I still have it for dinner sometimes when I feel like it 😁
Very common in Ireland/NI with pizza/chips combos. Like all pizzerias have that here.
And seen often in UK too, definitely not just a 90s thing
I occasionally do a "pizza dinner"
Like you I hadn't had it since the early 90's but it's had a revival in my house.
Sometimes we have Pizza, sometimes it's a Pizza Dinner
I'm British and I seriously don't understand the pizza and chips nonsense. Vile
Only jjla can criticism v😊
We don't have Thanks Giving in the UK, We have Harvest Festival instead, which as far as I can remember, is about thanking God for the bounty of the year. People will drop food at the church or school which is then distributed among the needy. Now we just have food banks. Regarding chip butties, we British don't put 8 million tons of sugar into each loaf of bread, so I doubt a chip buttie will taste the same as one made in the US.
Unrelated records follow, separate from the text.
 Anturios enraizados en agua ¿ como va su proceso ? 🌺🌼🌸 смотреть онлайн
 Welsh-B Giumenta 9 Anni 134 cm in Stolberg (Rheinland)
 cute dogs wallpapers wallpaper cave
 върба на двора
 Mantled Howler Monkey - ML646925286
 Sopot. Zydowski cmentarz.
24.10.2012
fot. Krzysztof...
saw 2 reaction videos of amercians making a chip butty
the couple mad a fair go using steak cut chips (oven baked) but then used butter from a squirty bottle.
2 girls went the whole hog peel spuds thick cut twice fried but also remembered artistan bread then made 4 butties one ketchup, one HP, one mayo, and one just S&V
the look one one of the ladies when she tried the HP was priceless
RE Thanksgiving food - to really blow your mind, wait until you discover that Pumpkin Pie as a British invention! No kidding.
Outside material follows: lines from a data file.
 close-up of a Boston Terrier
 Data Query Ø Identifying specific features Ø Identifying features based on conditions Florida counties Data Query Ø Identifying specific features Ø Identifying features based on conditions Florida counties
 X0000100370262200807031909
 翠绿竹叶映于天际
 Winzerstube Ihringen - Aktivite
Your Thanksgiving is sort of a combination of our Christmas Dinners, with elements of our Harvest Festival. In recent decades, and possibly even since the post-war depression years, the Harvest Festival has become less of a thing in the UK, but it used to be a time for donating food for those who might otherwise struggle over the winter months, usually combined with a Village Fete - lots of baked goods, jams and preserves, proper gingerbread, and generally celebrating another year's successful harvest.
Just like with your Thanksgiving, there are certain dishes or sides that are traditional at Christmas and almost never seen outside of that context - Brussel Sprouts being one of those (and definitely something many loathe). Christmas cake and Christmas pudding, Brandy Snaps, and so forth. It is also one of the times when one might see less popular/ordinary roast meats such as Goose, Duck and of course Turkey. However, the Brits have a very strong tradition for 'the Sunday Roast Dinner' (also available in virtually every pub that serves food) which is a roast meat (Chicken, Beef or Pork usually), roast potatoes, gravy, maybe yorkshire pudding (especially if the roasted meat is beef), apple sauce if the meat is pork, mint sauce with roast lamb, etc. There will be other vegetables too of course, such as carrots, peas, roasted tomatoes perhaps, maybe parsnips, and this is kind of a tradition for each week (though many skip it at least occasionally for a picnic instead in the summers).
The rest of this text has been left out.